Use a centralized, company-approved storage solution
Adhering to company policies also includes using only the designated programs that your employer wants you to use, even if you prefer a different program.
“This is so the IT administrator doesn’t have various security configurations that may or may not comply with the company’s security requirements,” Stark said. “[It] establishes a set standard, which is much easier for the IT officer to support remotely in the field.”
This becomes especially important when you’re dealing with file storage and backup.

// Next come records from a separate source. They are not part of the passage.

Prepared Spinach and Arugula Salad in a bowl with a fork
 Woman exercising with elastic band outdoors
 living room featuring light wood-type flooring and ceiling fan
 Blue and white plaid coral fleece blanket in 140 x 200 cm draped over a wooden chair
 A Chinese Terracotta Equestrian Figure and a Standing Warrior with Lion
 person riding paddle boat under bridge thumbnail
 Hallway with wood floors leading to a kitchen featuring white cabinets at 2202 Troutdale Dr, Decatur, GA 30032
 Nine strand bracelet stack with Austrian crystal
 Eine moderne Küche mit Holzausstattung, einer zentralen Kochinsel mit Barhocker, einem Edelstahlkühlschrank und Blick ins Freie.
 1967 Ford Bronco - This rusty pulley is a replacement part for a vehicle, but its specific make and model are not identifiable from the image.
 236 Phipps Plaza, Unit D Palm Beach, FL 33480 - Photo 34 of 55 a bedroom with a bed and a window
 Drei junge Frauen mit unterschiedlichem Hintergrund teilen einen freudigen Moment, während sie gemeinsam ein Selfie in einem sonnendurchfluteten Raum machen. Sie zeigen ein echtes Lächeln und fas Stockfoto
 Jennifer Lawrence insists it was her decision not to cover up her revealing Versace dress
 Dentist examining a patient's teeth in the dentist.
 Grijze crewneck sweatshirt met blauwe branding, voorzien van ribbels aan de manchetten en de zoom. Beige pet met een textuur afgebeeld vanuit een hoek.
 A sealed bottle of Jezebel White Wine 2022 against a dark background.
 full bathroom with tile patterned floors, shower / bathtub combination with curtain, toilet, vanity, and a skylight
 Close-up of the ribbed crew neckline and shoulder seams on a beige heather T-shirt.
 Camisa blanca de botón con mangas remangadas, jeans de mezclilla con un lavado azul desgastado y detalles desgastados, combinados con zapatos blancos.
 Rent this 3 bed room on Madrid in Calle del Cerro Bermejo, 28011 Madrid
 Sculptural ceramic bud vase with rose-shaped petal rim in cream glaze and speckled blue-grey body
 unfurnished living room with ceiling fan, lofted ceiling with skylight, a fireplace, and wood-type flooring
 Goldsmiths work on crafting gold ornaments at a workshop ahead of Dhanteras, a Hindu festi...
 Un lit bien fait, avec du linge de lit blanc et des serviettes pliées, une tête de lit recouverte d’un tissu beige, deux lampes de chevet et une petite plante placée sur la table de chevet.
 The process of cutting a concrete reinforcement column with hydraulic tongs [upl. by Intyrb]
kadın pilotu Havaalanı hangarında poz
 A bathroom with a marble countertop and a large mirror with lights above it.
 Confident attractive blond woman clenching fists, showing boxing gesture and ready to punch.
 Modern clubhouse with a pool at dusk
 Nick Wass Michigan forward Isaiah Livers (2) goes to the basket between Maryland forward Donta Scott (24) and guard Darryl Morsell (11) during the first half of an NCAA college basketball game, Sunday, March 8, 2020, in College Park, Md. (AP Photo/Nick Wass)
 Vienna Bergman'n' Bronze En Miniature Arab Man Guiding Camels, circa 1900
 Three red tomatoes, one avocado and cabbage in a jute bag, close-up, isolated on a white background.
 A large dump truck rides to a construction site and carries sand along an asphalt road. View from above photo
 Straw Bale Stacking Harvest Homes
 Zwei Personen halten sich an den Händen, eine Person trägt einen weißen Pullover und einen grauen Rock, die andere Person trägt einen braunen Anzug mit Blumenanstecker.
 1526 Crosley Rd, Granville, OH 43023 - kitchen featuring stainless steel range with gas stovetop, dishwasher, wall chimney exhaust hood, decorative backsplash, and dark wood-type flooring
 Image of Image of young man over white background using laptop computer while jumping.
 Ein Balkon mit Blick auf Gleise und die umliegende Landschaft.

You should be storing all your work data in a secure location that’s both approved by and accessible to your company.
“Ensuring that sensitive data is stored and protected centrally is always a good course of action,” Hay said. “This allows central management and control of all aspects of the data, such as ownership, access, availability, security, etc., with a reduced chance of duplicate copies residing in places beyond the reach of the organization, such as on a personal laptop, mobile device or cloud environment.”
Gooty noted that his company was able to accomplish this after switching to an Office 365 subscription.
“Not only does OneDrive for Business allow us to collaborate better with one another, but it also securely saves the files in the cloud. All employees can access files on different types of devices,” he said.
Best practices for employers
If your company employs part- or full-time remote employees, Silver advised taking the following precautions to limit security risks while employees are working from home.
Require that employees use a non-stored password to connect during each session, especially for VPN access.
Enforce reasonable session time-outs for sensitive programs or applications. A user should not have to reconnect after walking to the kitchen to pour a cup of coffee, but at the same time you cannot trust everyone to always log out for the day.
Limit program/file access to only the areas absolutely needed by that employee.
Reserve the right to terminate employee access at any moment.
Provide services for remote file storage and other tasks; don’t rely on individuals to use their personal programs and accounts.
“Users will always take the easiest method when it comes to technology, and you can’t always enforce what software people use when they are remote, so it is better to give them the best software in the first place,” Silver added.
Above all, Hay reminded employers to outline policies, procedures and guidelines for workers who use company resources outside the office.
“This includes, but is not limited to access to corporate data, acceptable use of websites, approved applications, etc.,” he said. “The best thing an employee can do is ensure that they adhere to the guidance.”